[PROMPT]: Pictures stay out of the answer, but every line of the material must be restated exactly.

[DATASET EXTRACT]:
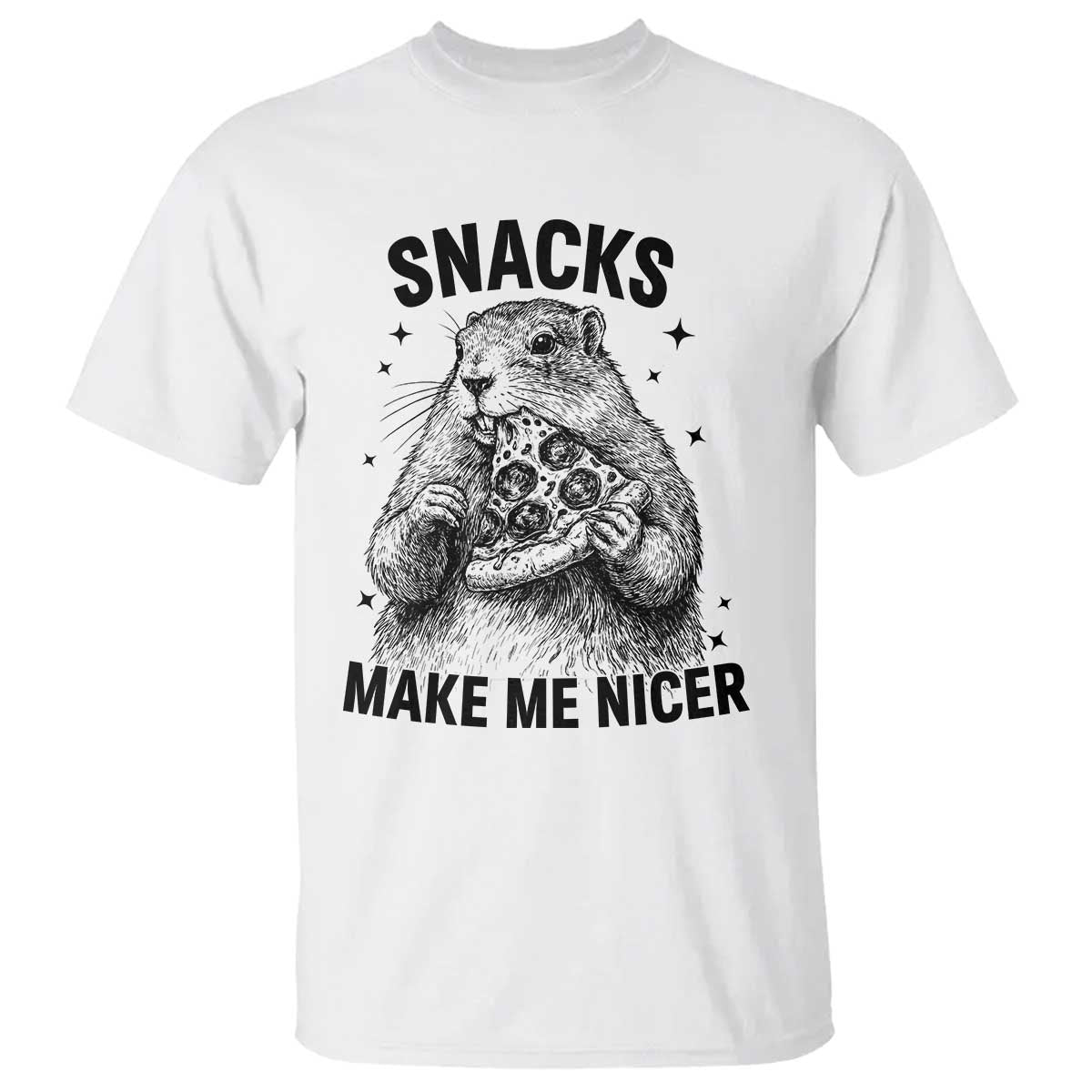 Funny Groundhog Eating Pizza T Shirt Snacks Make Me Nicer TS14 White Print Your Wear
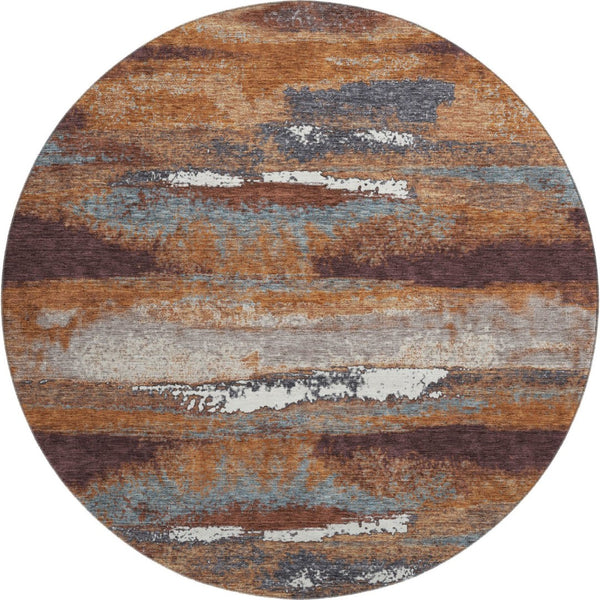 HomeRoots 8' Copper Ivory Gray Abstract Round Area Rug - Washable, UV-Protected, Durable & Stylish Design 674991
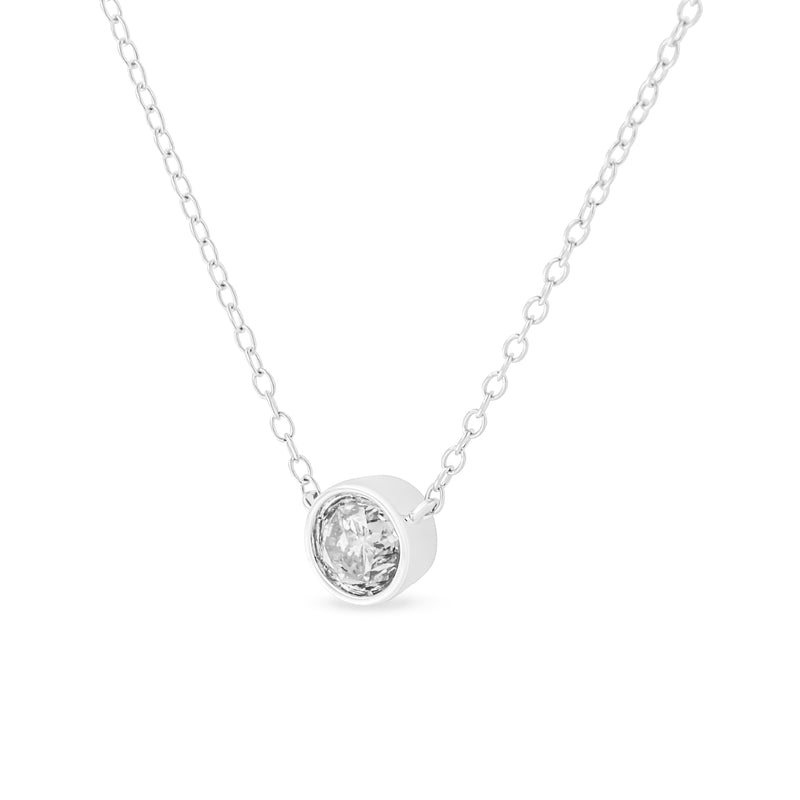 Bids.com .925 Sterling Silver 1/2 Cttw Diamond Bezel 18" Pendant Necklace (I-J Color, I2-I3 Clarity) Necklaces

[TASK ANSWER]:
 Funny Groundhog Eating Pizza T Shirt Snacks Make Me Nicer TS14 White Print Your Wear
 HomeRoots 8' Copper Ivory Gray Abstract Round Area Rug - Washable, UV-Protected, Durable & Stylish Design 674991
 Bids.com .925 Sterling Silver 1/2 Cttw Diamond Bezel 18" Pendant Necklace (I-J Color, I2-I3 Clarity) Necklaces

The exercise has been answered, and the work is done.